Are we beginning to commend ourselves again? Or do we need, as some do, letters of recommendation to you, or from you?  You yourselves are our letter of recommendation, written on our hearts, to be known and read by all.  And you show that you are a letter from Christ delivered by us, written not with ink but with the Spirit of the living God, not on tablets of stone but on tablets of human hearts.
 Such is the confidence that we have through Christ toward God.  Not that we are sufficient in ourselves to claim anything as coming from us, but our sufficiency is from God,  who has made us competent to be ministers of a new covenant, not of the letter but of the Spirit. For the letter kills, but the Spirit gives life. (2 Cor 3:1–6)
Verse 6, the comparison between the letter and the Spirit, is often used to contrast the ineffectiveness of the Mosaic law against the power of the indwelling Spirit of Christ. And indeed, the context of the following verses in which the “ministry of death, carved in letters on stone,” clearly referring to the tablets given at Sinai as opposed to the ministry of the Spirit, suggests a comparison between the Decalogue and the Holy Spirit given to believers.
But the letter/Spirit antithesis actually goes further. It is not only the Decalogue – the law which is indeed “holy and righteous and good” (Rom 7:12) according to Paul – which is ineffective. It is any external code, any external effort whatsoever that does not rely upon the Spirit of God for transformation.
T. J. Deidun advances that proposition in his discussion of 2 Corinthians 3:
Now we may safely presuppose that Paul did not arrive at the conclusion that the γράμμα ‘kills’ by way of anthropological reflection on the effect that law has on man. It is the [C]hristian experience of the life-giving Spirit as eschatological newness that enables Paul to see that only the Spirit brings life and hence only the ‘new creation’ effected by the Spirit can bring man from death to life and from sin to [justification]. The primary datum of [C]hristian experience is not that the γράμμα ‘kills’ (that is a subsequent inference) but that the Spirit (and only the Spirit) [gives life].
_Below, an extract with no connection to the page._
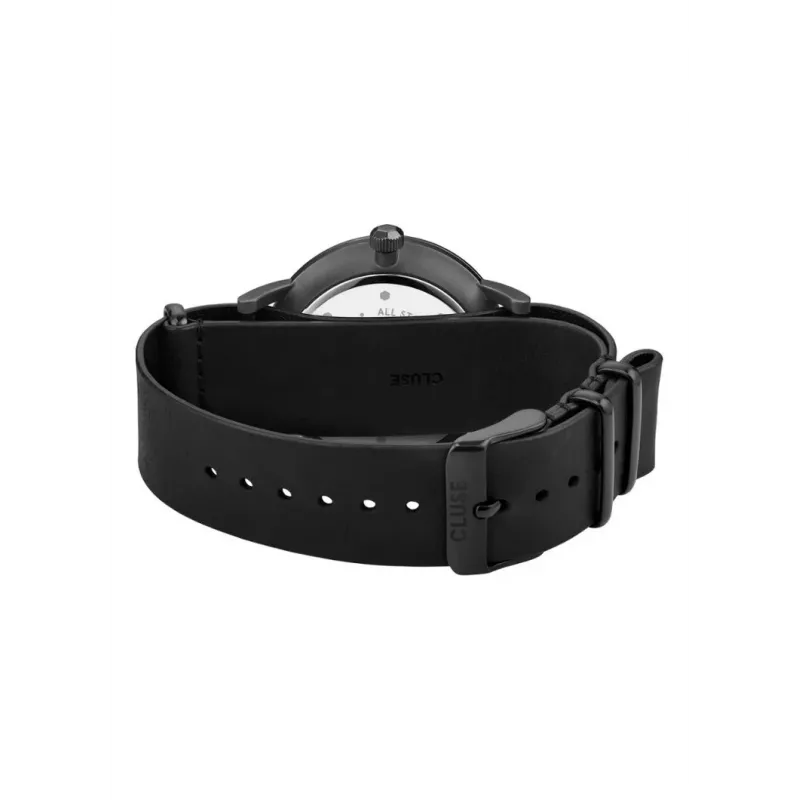 Zegarek damski CLUSE CW0101501010 40 mm Koperta ze stali nierdzewnej w kolorze różowego złota, szary pasek skórzany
It is important to note that neither Deidun, nor this author, are advocating for a morality that is devoid of any external imperatives. Those imperatives – grounded in the indicative of the believer’s position in Christ and as a temple for His Spirit – are indeed necessary on this side of glory while we remain imperfect. Indeed, Deidun remarks, “even in the [C]hristian economy external imperatives are to be seen chiefly as a sign of imperfect liberation. …”
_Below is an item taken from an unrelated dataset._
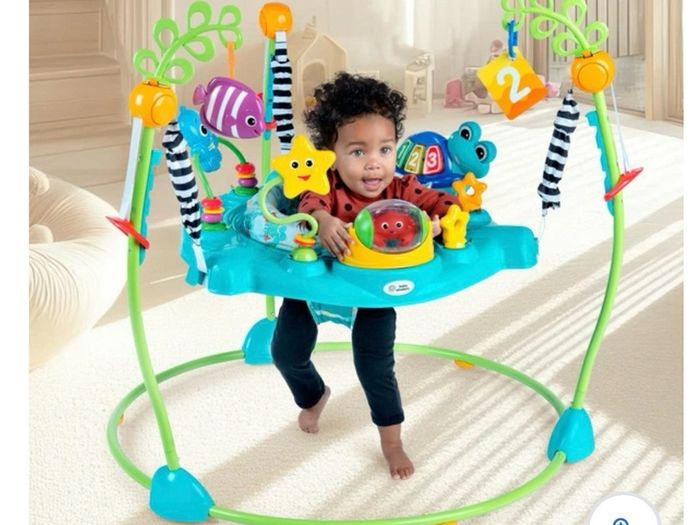 Jumperoo - Baby Einstein Ocean Explorers Curiosity Cove 2-in-1 Activity Baby Jumper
As our series continues, we shall see how Paul uses imperatives, commands and exhortations in cooperation with the Spirit to encourage our growth in holiness.
But those imperatives are not the external code of a former covenant that failed to produce righteousness. It is that external code of death that produced sin in the flesh of the unregenerate Paul. It is that external code of death that was given to increase transgression until Christ came. It is that external code of death that the Judaizers wanted to impose upon the Galatians who had been running well and now were stumbling.
And it is that external code of death that is the antithesis of a life in the Spirit.